Building Voice Agents that Don't Sound Like Robots

Optimizing latency, handling interruptions, and mastering prosody for truly natural and conversational voice interfaces.

We've all spoken to "that" automated phone system. The one with the robotic voice, the awkward 3-second pauses, and the inability to handle you cutting it off.

Building a voice agent that feels human requires solving three distinct engineering challenges: Latency, Interruption, and Prosody.

1. The 500ms Latency Barrier

In human conversation, turn-taking happens in milliseconds. If your AI takes 2 seconds to respond, the illusion breaks. To achieve sub-500ms latency, we need full-duplex streaming pipelines where:

  • STT (Speech-to-Text) streams provisional results instantly.
  • LLM generates tokens that are immediately flushed to the TTS.
  • TTS (Text-to-Speech) begins playing audio before the sentence is even finished generating.

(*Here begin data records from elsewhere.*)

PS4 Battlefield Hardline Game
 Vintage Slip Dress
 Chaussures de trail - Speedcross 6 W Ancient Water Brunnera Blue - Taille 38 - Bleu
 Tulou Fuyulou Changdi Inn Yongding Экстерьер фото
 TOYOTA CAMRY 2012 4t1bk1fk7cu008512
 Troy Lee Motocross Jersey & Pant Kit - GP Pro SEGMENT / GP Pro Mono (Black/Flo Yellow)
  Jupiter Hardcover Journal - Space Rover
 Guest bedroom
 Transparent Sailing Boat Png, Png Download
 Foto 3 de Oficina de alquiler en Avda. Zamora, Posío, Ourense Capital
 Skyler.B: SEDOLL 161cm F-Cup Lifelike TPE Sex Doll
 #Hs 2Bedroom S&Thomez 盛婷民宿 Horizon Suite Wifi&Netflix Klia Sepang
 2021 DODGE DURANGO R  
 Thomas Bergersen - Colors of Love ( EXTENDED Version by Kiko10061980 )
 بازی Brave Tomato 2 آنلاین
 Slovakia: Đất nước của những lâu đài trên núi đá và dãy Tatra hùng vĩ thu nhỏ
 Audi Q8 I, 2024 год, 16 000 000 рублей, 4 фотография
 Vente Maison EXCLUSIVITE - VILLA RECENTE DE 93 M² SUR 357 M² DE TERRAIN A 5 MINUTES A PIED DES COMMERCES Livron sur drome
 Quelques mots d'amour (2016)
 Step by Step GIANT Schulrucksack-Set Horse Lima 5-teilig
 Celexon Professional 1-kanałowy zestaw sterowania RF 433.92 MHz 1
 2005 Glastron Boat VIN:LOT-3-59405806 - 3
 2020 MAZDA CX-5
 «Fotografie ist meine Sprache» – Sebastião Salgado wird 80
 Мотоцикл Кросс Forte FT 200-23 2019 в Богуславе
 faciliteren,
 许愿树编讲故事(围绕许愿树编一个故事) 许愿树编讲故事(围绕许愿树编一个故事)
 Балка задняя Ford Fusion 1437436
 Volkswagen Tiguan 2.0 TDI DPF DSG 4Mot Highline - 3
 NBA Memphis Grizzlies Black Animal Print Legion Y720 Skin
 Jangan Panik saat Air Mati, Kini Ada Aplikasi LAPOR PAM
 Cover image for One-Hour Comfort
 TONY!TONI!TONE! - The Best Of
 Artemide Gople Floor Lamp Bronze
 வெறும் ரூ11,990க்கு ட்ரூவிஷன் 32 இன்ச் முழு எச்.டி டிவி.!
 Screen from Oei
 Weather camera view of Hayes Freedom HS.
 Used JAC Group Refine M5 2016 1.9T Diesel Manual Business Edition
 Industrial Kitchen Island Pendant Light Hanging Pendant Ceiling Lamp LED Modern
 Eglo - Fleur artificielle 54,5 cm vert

2. Handling Interruptions (Barge-In)

Humans interrupt each other constantly. A good voice agent must have robust Voice Activity Detection (VAD).

The Challenge

The hard part isn't detecting sound; it's distinguishing between a user saying "Wait, stop!" (interruption) vs. a background cough or a thoughtful "Hmm..." (backchanneling). Modern systems use multimodal models to classify "intent to speak" rather than just audio energy levels.

3. Prosody and Emotion

Text doesn't convey tone. saying "I'm sorry" can sound sarcastic or empathetic depending on pitch and speed.

We are moving towards end-to-end speech models (like GPT-4o) that process audio tokens directly, preserving the emotional nuance of the user's input and reflecting it in the output. This skips the lossy conversion to text and back, resulting in significantly more expressive interactions.

Key Takeaway

The future of Voice AI isn't just about better models; it's about better orchestration of the realtime pipeline to mimic the chaotic, distinctive rhythm of human speech.